La navigazione parte dalla lanterna di Santa Maria di Leuca, nel “Finis terrae” dove lo Ionio lascia il posto all’Adriatico in un voluttuoso gioco di correnti. Il faro svetta sul Capo a due passi dal Santuario tra nuvole e raffiche di maestrale, rassicura i naviganti che vi passano al traverso: quella torre bianca è al tempo stesso un luogo fisico, ma anche dello spirito. Così, sospeso tra cielo e terra, riesce a descriverlo la scrittrice barese Enrica Simonetti che con il suo “Luci sull’Adriatico. Fari tra le due sponde” (Laterza 2009) giunge felicemente al terzo volume sulla magia dei fari.

Ella subisce il fascino delle lanterne, da attenta ricercatrice della memoria ne fa riemergere le storie in una consapevole e lieve empatia con il mare. Perché nel lungo periplo di costa in costa è divenuta amica degli ultimi fanalisti i quali le hanno affidato confidenze e sensazioni; per questo il racconto è vero, come il suo viaggio in Adriatico che procede a zig zag tra le due sponde quasi a volerne ricucire l’identità. Dopo Leuca, ecco i fari di Corfù, Othoni, Otranto, Brindisi, Durazzo, Monopoli e Otoi Mamula che segna l’ingresso nelle Bocche di Cattaro e l’inizio del litorale dalmata. Nonostante cambi la latitudine si scopre che molti dei fari – o degli scogli sui quali essi insistono – sono dedicati ad un unico Santo, Nicola, protettore dei naviganti; avviene sull’isola di Brac, Parenzo, Solta, Spalato, Itaca, Rodi e più lontano, c’è persino un faro Nikolajevka in Ucraina sul Mar Nero!

Nel periplo della Simonetti a incantare – oltre alle immagini dell’ottimo corredo fotografico – sono le storie, come nella lanterna di Sveti Ivan (Rovinj) dove nelle notti di ottobre durante le mareggiate più forti, si accende una candela davanti alle finestre per disperdere le urla di chi si è disperso in mare, oppure a Savudrjia (quasi al confine tra Croazia e Slovenia) dove il faro sarebbe frutto di una storia clandestina avvenuta nei primi dell’Ottocento. Il principe di Metternich conobbe a Vienna una croata dai capelli lunghi e decise di creare un nido d’amore dove vederla al riparo da sguardi indiscreti. Da qui nacque l’idea di edficare un faro con annessa una casa con un giardino mediterraneo e tanti pini in modo da lasciare discrezione si chi ci fosse all’interno, ma il destino fu beffardo e portò via al principe l’amante uccisa da una polmonite, mentre il faro, tra i più antichi dell’Adriatico svetta ancora.
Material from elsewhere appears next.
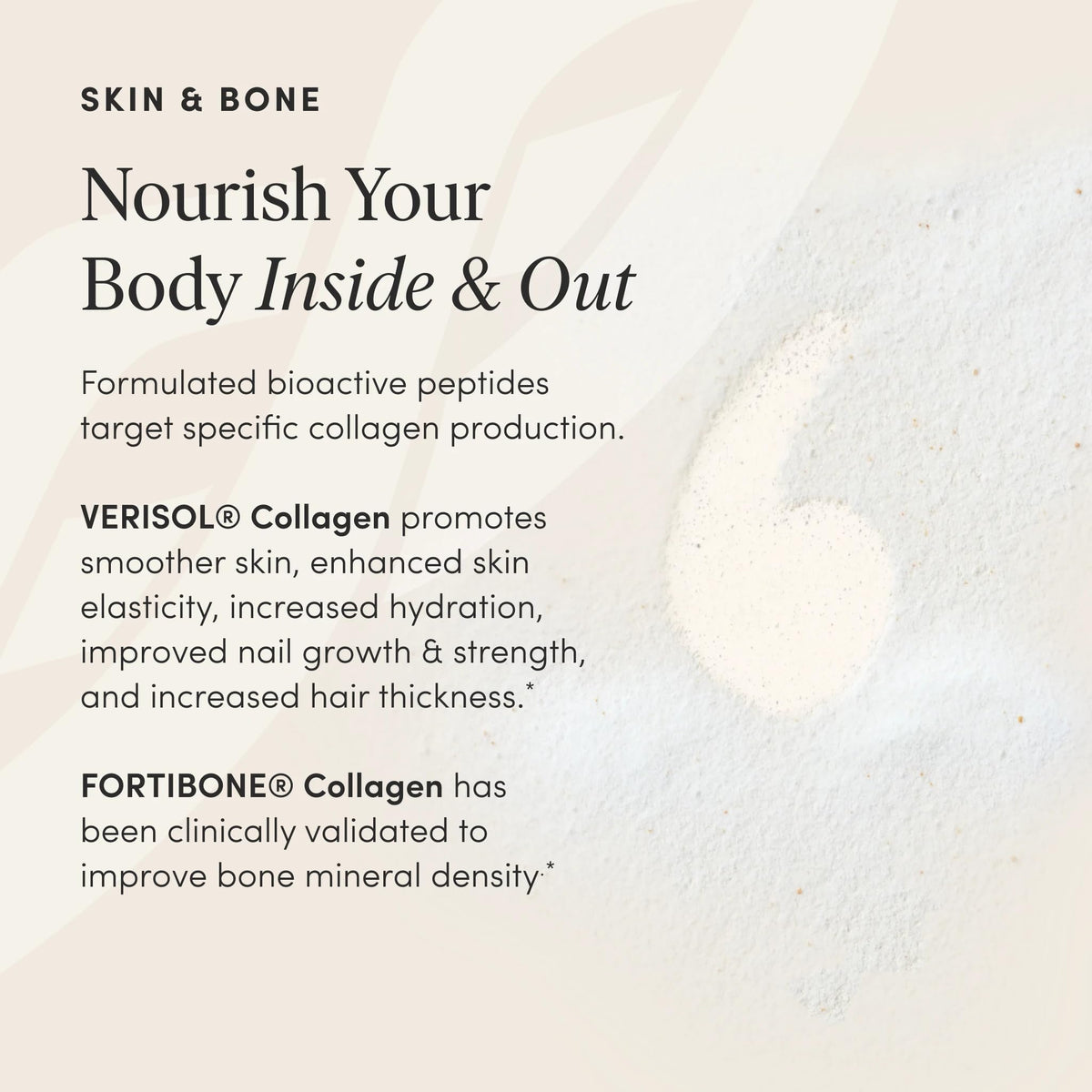 The 'Pause Life Skin & Bone, Verisol & Fortibone Collagen Peptides, Powder Formula with Hyaluronic Acid and Vitamin C, Gluten Free Supplement, Skin, Nails & Hair Support, Unflavored, Easy to Mix 12 OZ The 'Pause Life buy supplements Au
L’ultima lanterna descritta è quella di Trieste che si faceva annunciare a colpi di cannone, così anticamente venivano scandite le ore su quella torre sormontata da una cupola verde, e lì nell’ansa del “Golfo” termina anche questo diario di bordo che mai dovrebbe mancare tra i pochi, preziosi, di chi ama navigare.